Method
To investigate my hypothesis, I used given data from Mayfield High School. It contained information such as name, age, height, weight, IQ, eye colour, hair colour etc.
Using a computer, I opened the data using Microsoft Excel. As I was only investigating height and weight of year 7 students, I deleted all the irrelevant columns, such as year 8, 9, 10, 11 students, IQ, hair colour, eye colour etc. I then sorted the data, again using the computer.
I discarded my outliers in the data. I discarded data which either had very tall or very heavy people on and this may be false data, unreliable and affect my final result.
I needed a sample of 50 students and I had 200 year 7 students. To get my sample of 50 students, I used systematic sampling. To get a sample of 50 out of 200 I chose every 4th sample. I then copied and pasted every 4th sample onto a new data sheet to get the samples I needed.
Again with the computer, I drew a scatter graph to show the information of my sample. I calculated r and drew a regression line on the graph.
I then printed out my scatter graph and my sample.
Calculating r
To show how r is calculated, I chose a small sample of 10 from my sample of 50. To get my small sample of 10, I again used systematic sample, and chose I every 5 samples.
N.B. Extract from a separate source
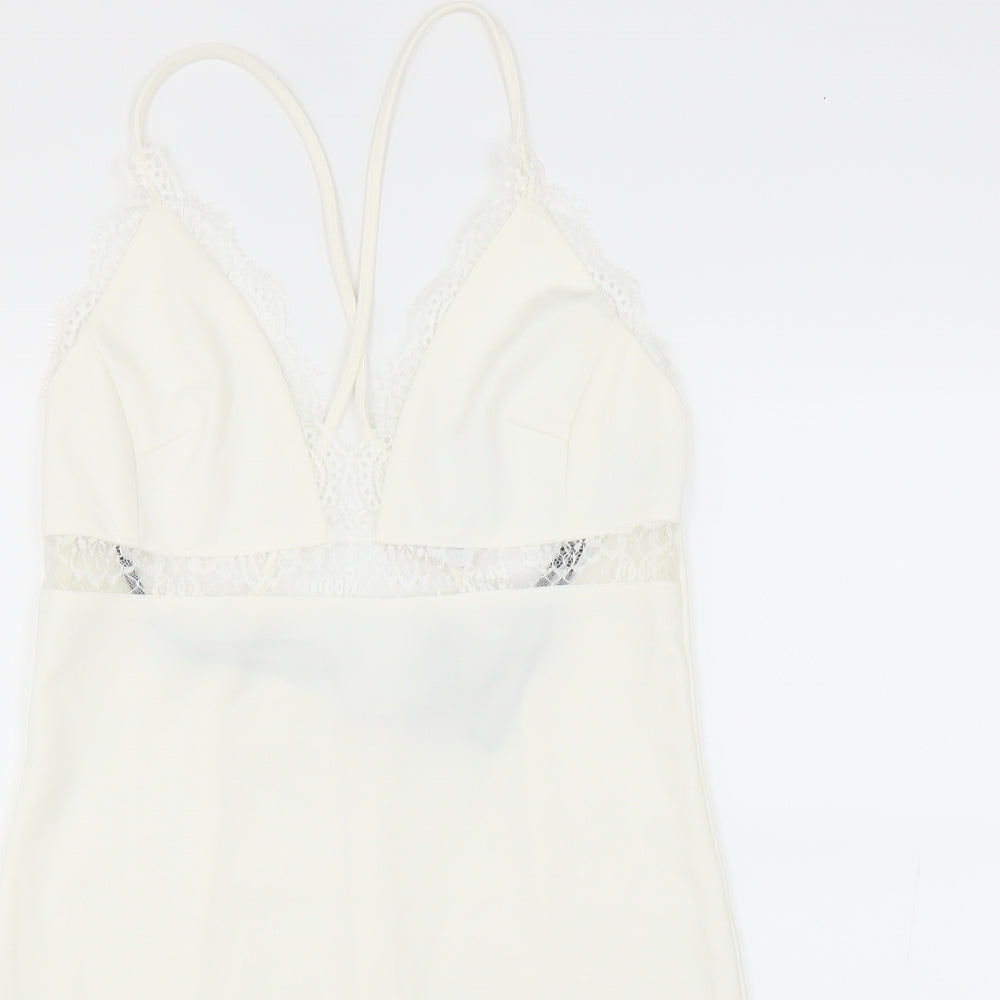 FOREVER 21 Womens White   Mini  Size L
R is the correlation coefficient.
Conclusion and Evaluation
My graph shows that I proved my hypothesis. The graph has positive correlation which means that as the height of the students increased, so did the weight.
My result for r was 0.97
The computers result for r was 0.5
This proves my hypothesis that the correlation coefficient would be between 0.5 and 1. However, I had expected the two numbers to be closer together. This might be that the systematic sampling of my small sample happened to chose samples that were all in proportion to each other, with the weight increasing with the height.
To maybe get a different result, I could have tried stratified sampling. This would be where I chose the samples.
From the regression line on my graph, it is possible to estimate different X and Y values. For example, it shows that someone weighing 50 kg should be around 1.6 m tall.
To extend and improve my investigation, I could look at more students than just year 7 students. I could look at years 8, 9, 10 and 11. This would help me to see if the same conclusion applies for most people. I could also investigate boys and girls separately to see if there is any difference of the relationship between height and weight between the different genders.
To do my coursework, I used Microsoft Excel. I think this had a lot of advantages because it sorted my data for me, drew a scatter graph, calculated r, and drew the regression line. This all made it a lot quicker and easier for me. I don’t feel that using the computer had any disadvantages.